▶ _WHAT IS EXPECTED_
Pictures excluded, return the lines below from the first through the line holding "EnHomee Dresser for".

▶ _ENTRIES PROVIDED_
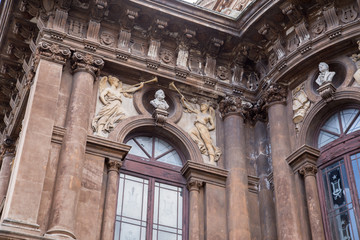 Fototapeta na wymiar Detail of Theater on Piazza Vincenzo Bellini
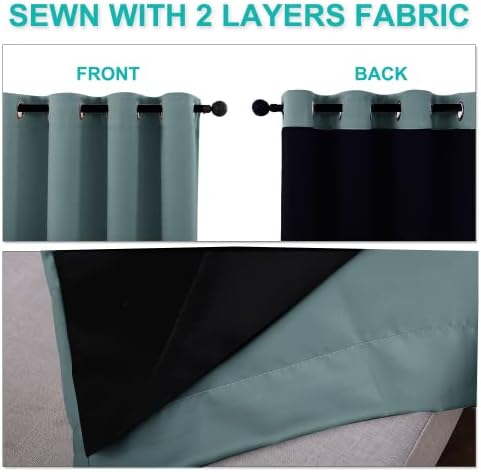 NICETOWN 100% Blackout Lined Curtains, 2 Thick Layers Completely Blackout - Image 5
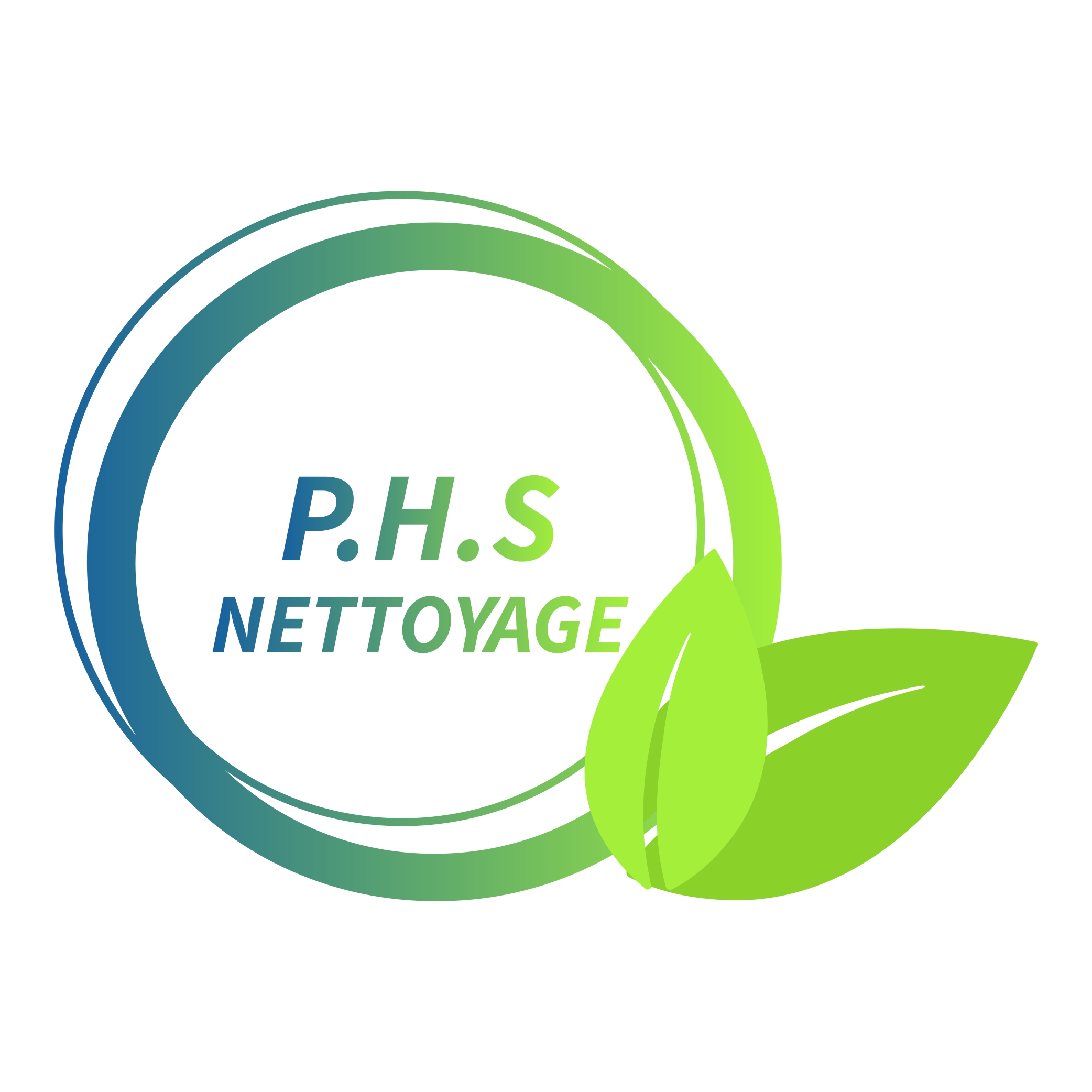 Logo de la société phs nettoyage vert et bleu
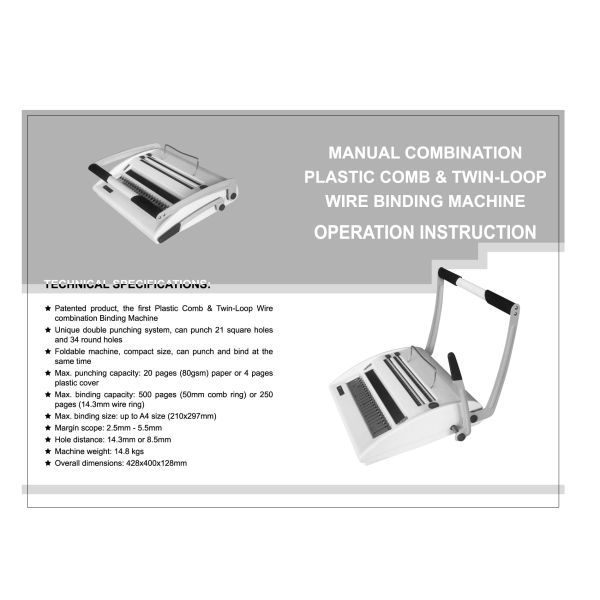 CE Certificate Comb and Wire Binding Machine CB-ST800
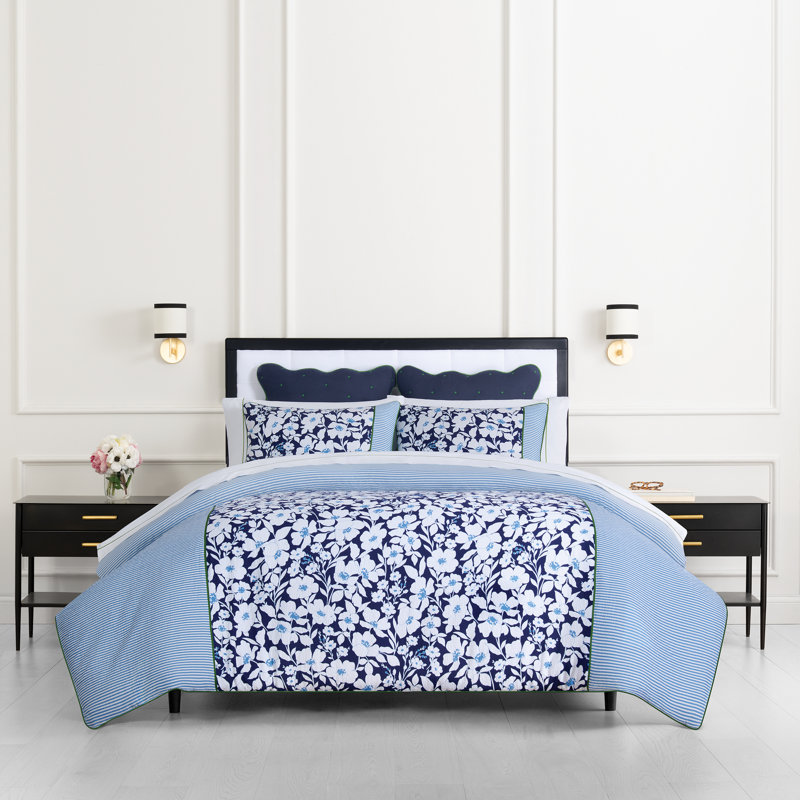 kate spade new york Anemone Field Full/Queen Comforter Set, 100% Cotton Reversible Cover, All Season 3 Piece Bedding, Machine Washable, Blue Multicolor 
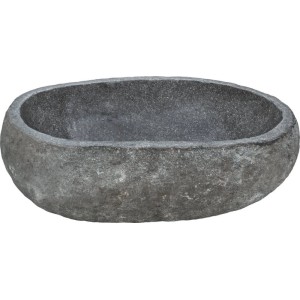 Umywalka nablatowa owalna z kamienia, szary wygląd kamienia naturalnego do łazienki i WC dla gości.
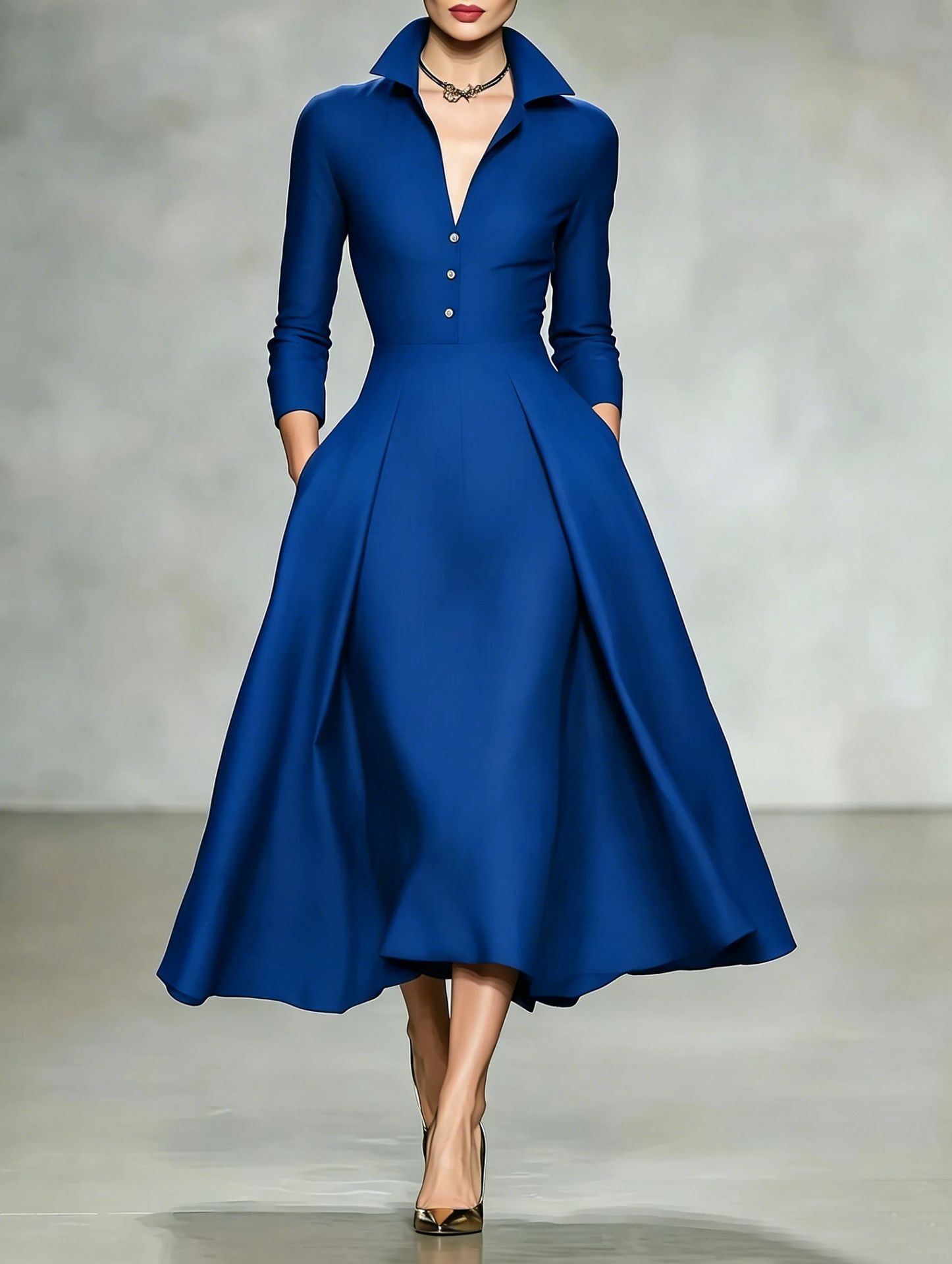 Robe midi élégante pour femmes, automne-hiver 2026, col en V, manches longues, taille cintrée, robe de bureau tendance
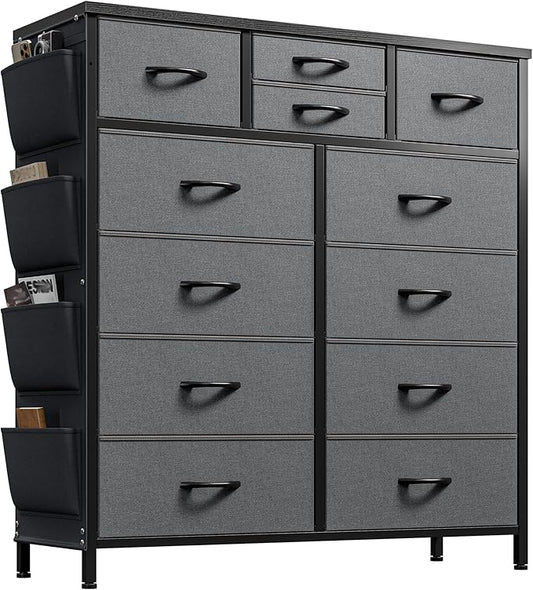 EnHomee Dresser for Bedroom with 12 Drawers, Tall Dressers & Chest of Drawers with Side Pockets, Fabric Dresser for Bedroom, Closet, Hallway, Living Room, Sturdy Metal Frame, Wood Top, Grey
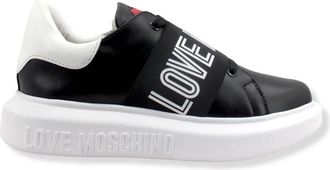 Love Moschino Leren en Stoffen Sneakers - Dames - Sneakers - Zwart - 36 EU - Leer - Schoenen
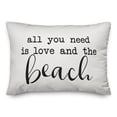 thumbnail image 1 of Creative Products All you need is Love and a beach script White and Black 14x20 Indoor / Outdoor Pillow, 1 of 2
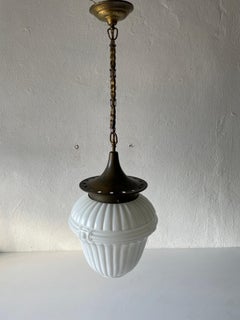 Art Deco Rare Milk Glass Ceiling Lamp in Unique Form, 1940s, Germany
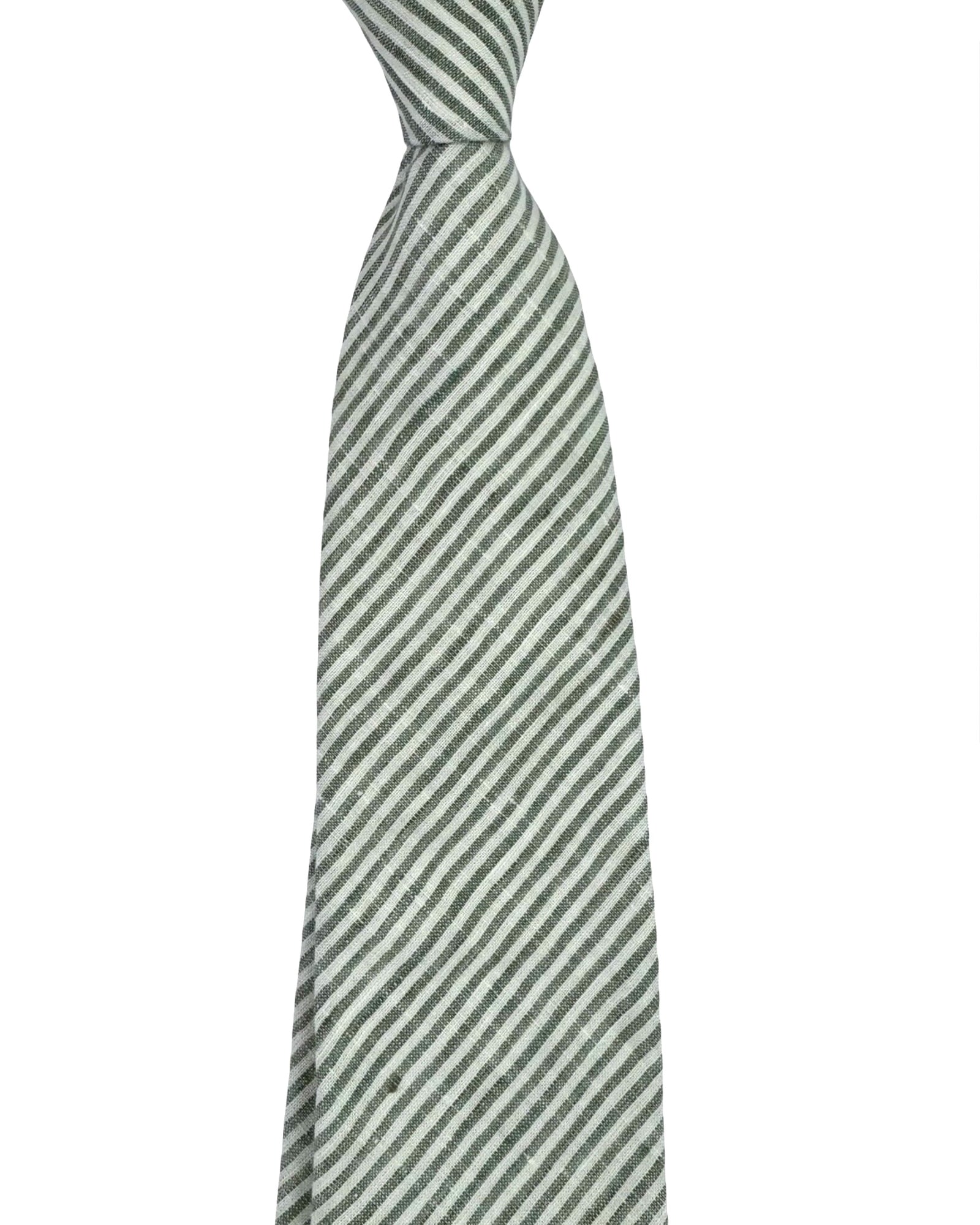 Zegna Linen Tie Sea-Grass Green White Stripes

▶ _ANSWER TO THIS TASK_
 Fototapeta na wymiar Detail of Theater on Piazza Vincenzo Bellini
 NICETOWN 100% Blackout Lined Curtains, 2 Thick Layers Completely Blackout - Image 5
 Logo de la société phs nettoyage vert et bleu
 CE Certificate Comb and Wire Binding Machine CB-ST800
 kate spade new york Anemone Field Full/Queen Comforter Set, 100% Cotton Reversible Cover, All Season 3 Piece Bedding, Machine Washable, Blue Multicolor 
 Umywalka nablatowa owalna z kamienia, szary wygląd kamienia naturalnego do łazienki i WC dla gości.
 Robe midi élégante pour femmes, automne-hiver 2026, col en V, manches longues, taille cintrée, robe de bureau tendance
 EnHomee Dresser for Bedroom with 12 Drawers, Tall Dressers & Chest of Drawers with Side Pockets, Fabric Dresser for Bedroom, Closet, Hallway, Living Room, Sturdy Metal Frame, Wood Top, Grey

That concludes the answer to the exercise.